» **WORK REQUEST**
Begin the copy at the line that contains "TAMASHII NATION S.H.", end it at the last line of the entries below, keep every word exact, and include no pictures.

» **SUPPLIED DATA**
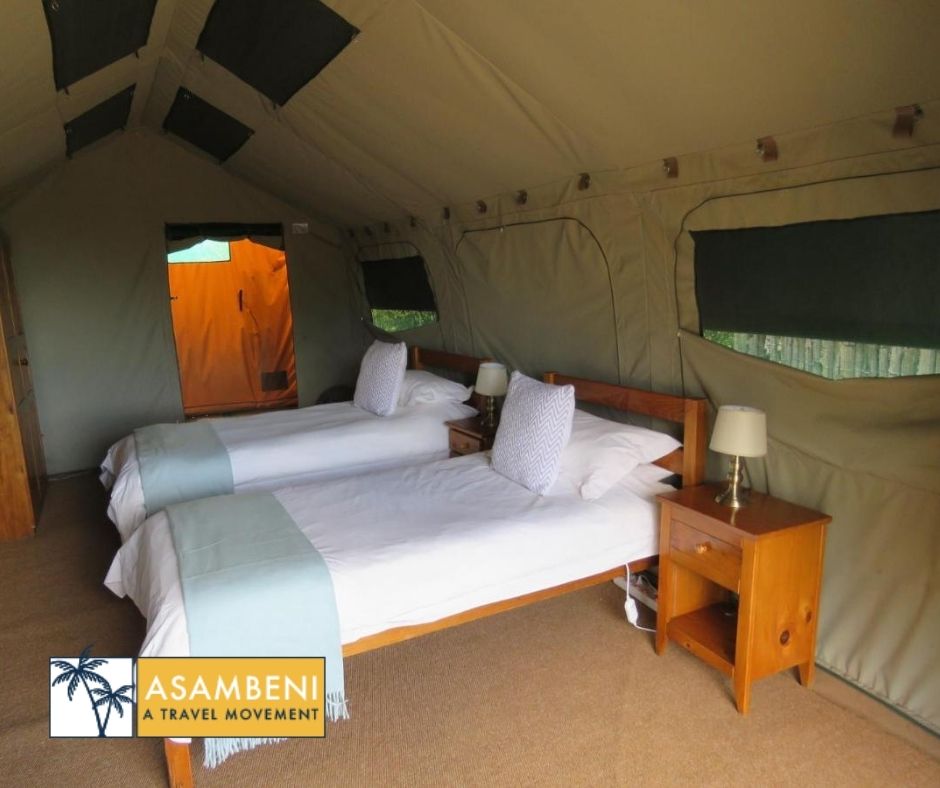 Woodbury Tented Camp – Amakhala Game Reserve - Accommodation images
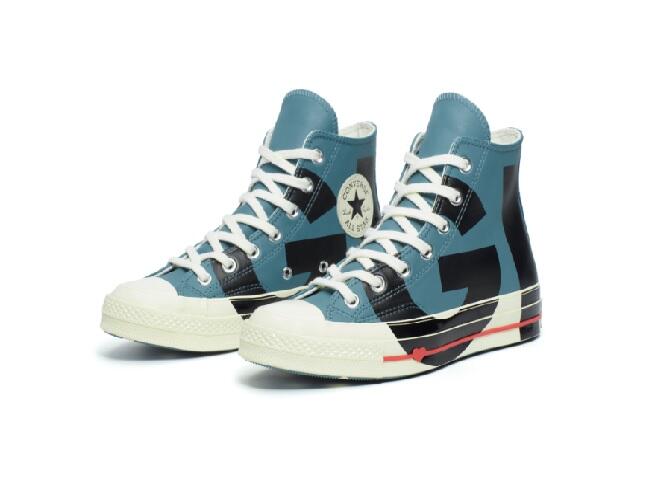 Ada Pesan Dibalik Converse Chuck Edisi &quot;Love the Progress&quot; Ini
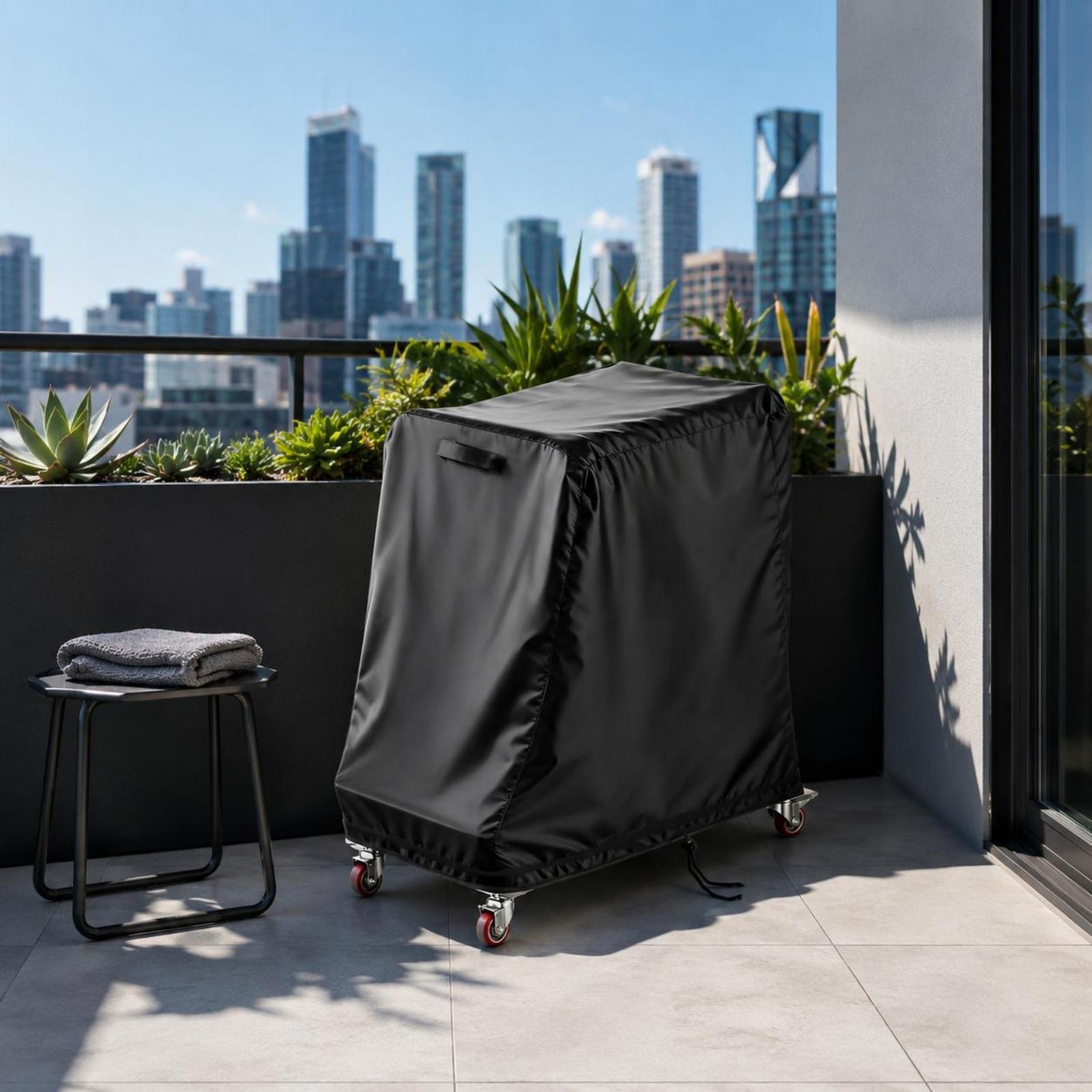 L-Shaped Chair Trolley Cover S - Folding Chair recension och pris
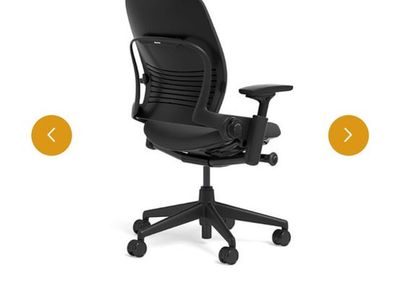 Steelcase Leap V2 Ergonomic Office Chair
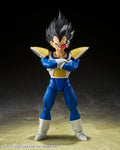 TAMASHII NATION S.H. FIGUARTS VEGETA 24000 POWER LEVEL
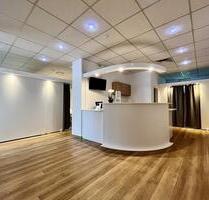 Praxis, Laden, Büro - hier ist vieles möglich. Gewerbeeinheit in Groß-Zimmern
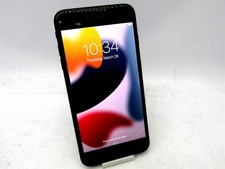 iPhone 7 Plus A1661 MNR12LL/A BLACK 32GB iOS 15 Batt 84 UNLOCKED NO A/C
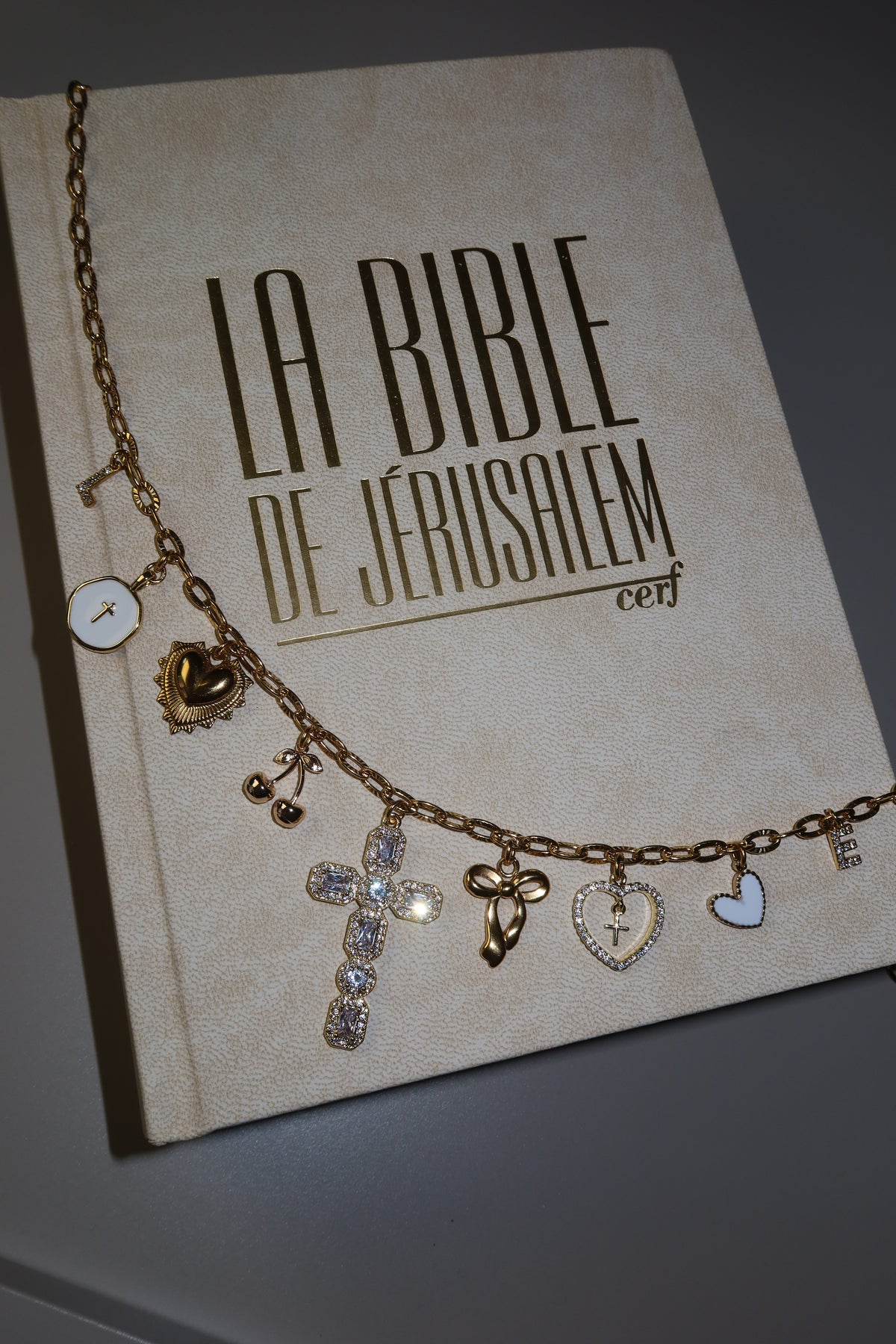 Votre collier personnalisé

» **EXERCISE RESULT**
 TAMASHII NATION S.H. FIGUARTS VEGETA 24000 POWER LEVEL
 Praxis, Laden, Büro - hier ist vieles möglich. Gewerbeeinheit in Groß-Zimmern
 iPhone 7 Plus A1661 MNR12LL/A BLACK 32GB iOS 15 Batt 84 UNLOCKED NO A/C
 Votre collier personnalisé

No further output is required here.